[[ DATA RECORDS, beginning ]]

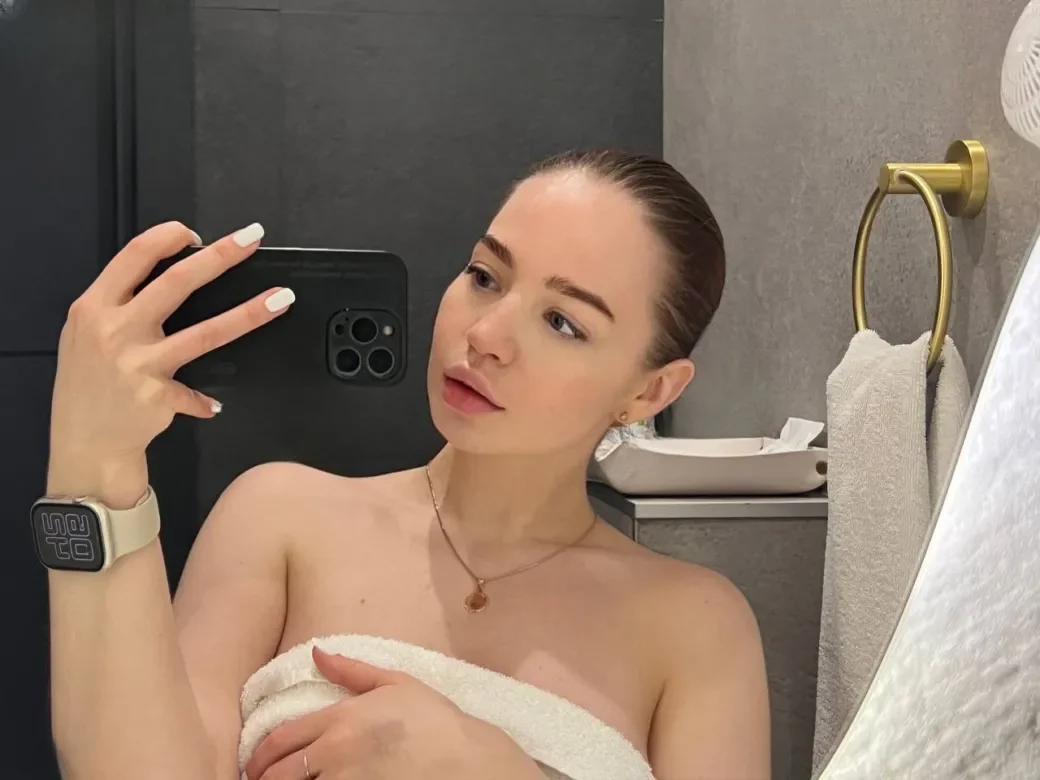 AuroraLove thumbnail 3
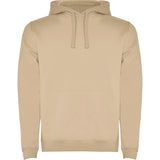 Sudadera Urban L-XL-XXL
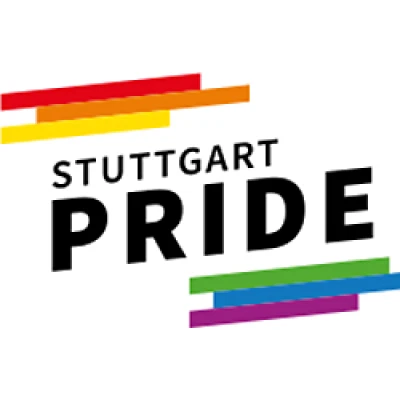 CSD Stuttgart 2024 logo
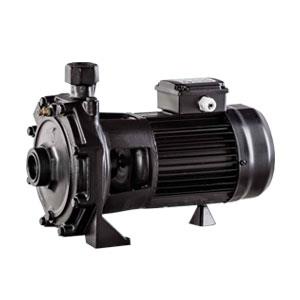 پمپ آب سمنان انرژی CBT751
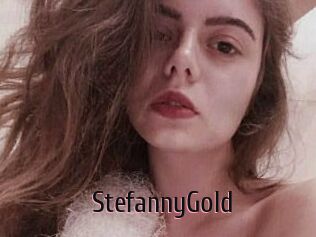 StefannyGold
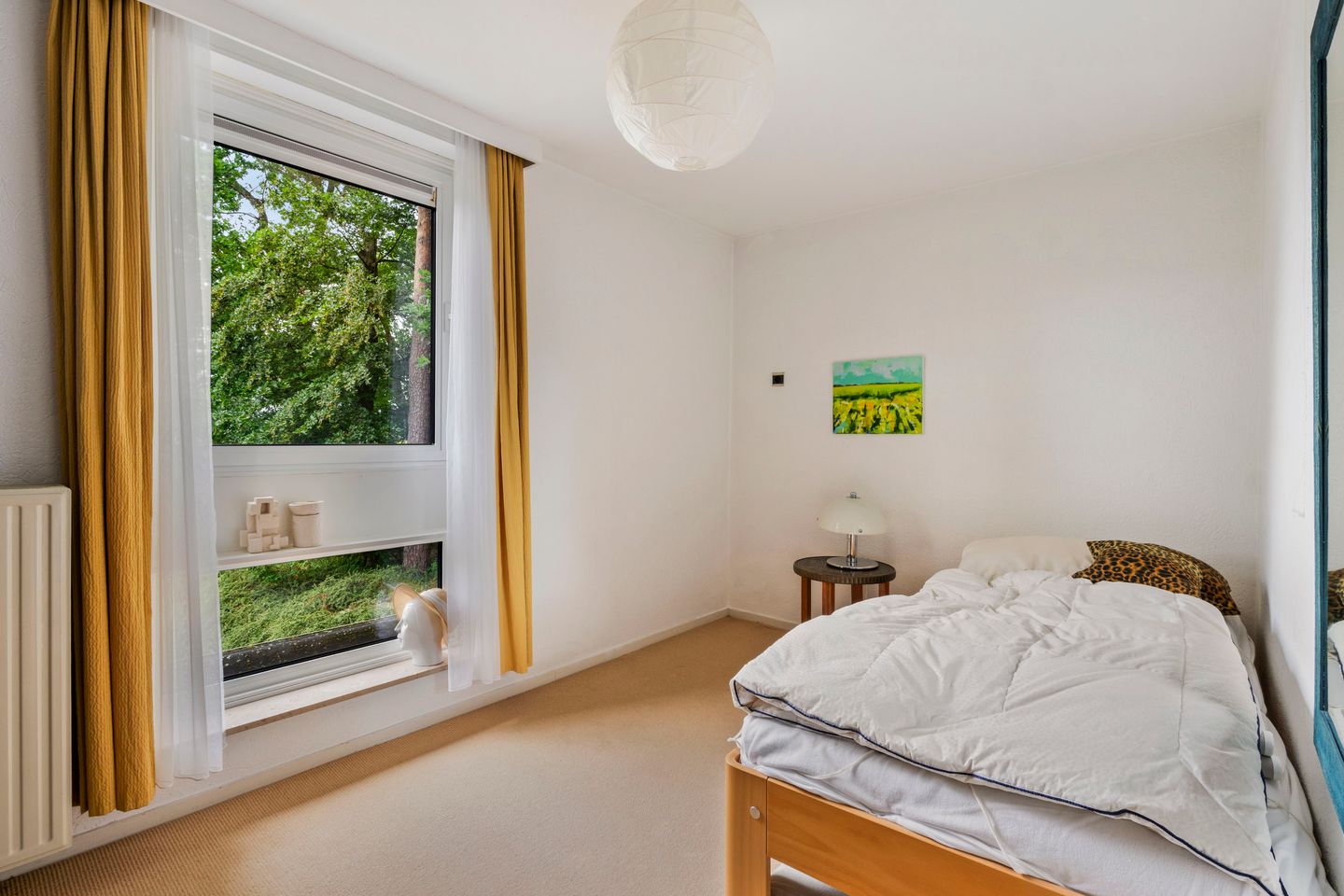 Photo 25 of Exdellerweg 2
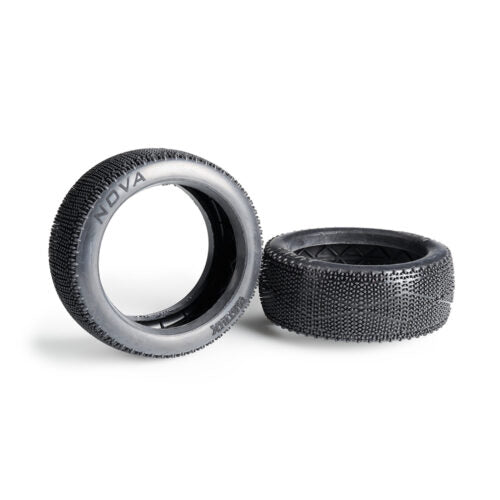 Gomme MATRIX OFF-ROAD 1/8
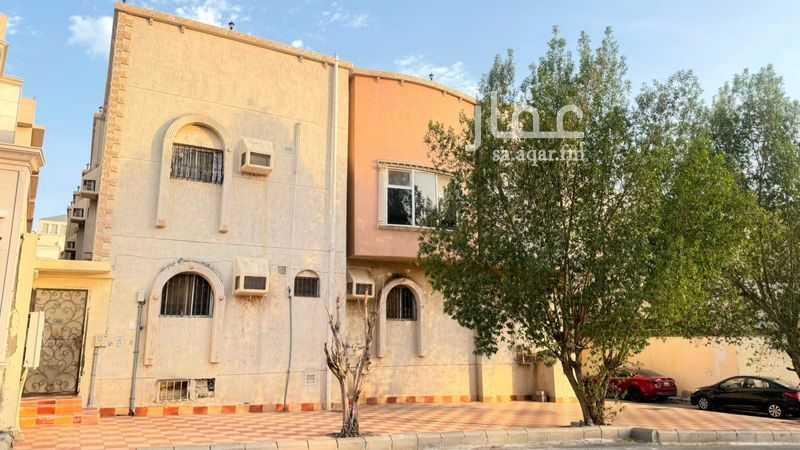 20 bedroom building in Al Hamra wa Umm Al Joud, Makkah 2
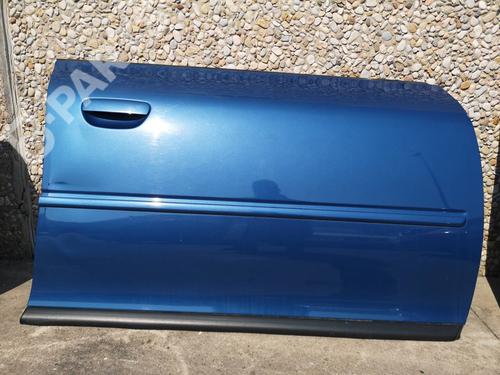 Used Right front door Right front door AUDI A3 (8L1) 1.6 (102 hp) 8702286 8702286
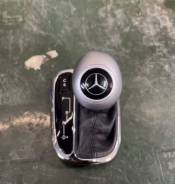   Mercedes 203 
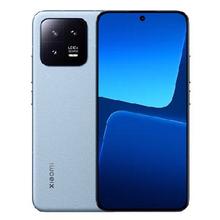 PLUS会员：Xiaomi 小米 13 5G手机 12GB+512GB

[[ DATA RECORDS, end ]]

◆ EXERCISE DIRECTIONS: Reproduce every entry exactly; images stay out.

◆ RESPONSE:
 AuroraLove thumbnail 3
 Sudadera Urban L-XL-XXL
 CSD Stuttgart 2024 logo
 پمپ آب سمنان انرژی CBT751
 StefannyGold
 Photo 25 of Exdellerweg 2
 Gomme MATRIX OFF-ROAD 1/8
 20 bedroom building in Al Hamra wa Umm Al Joud, Makkah 2
 Used Right front door Right front door AUDI A3 (8L1) 1.6 (102 hp) 8702286 8702286
   Mercedes 203 
 PLUS会员：Xiaomi 小米 13 5G手机 12GB+512GB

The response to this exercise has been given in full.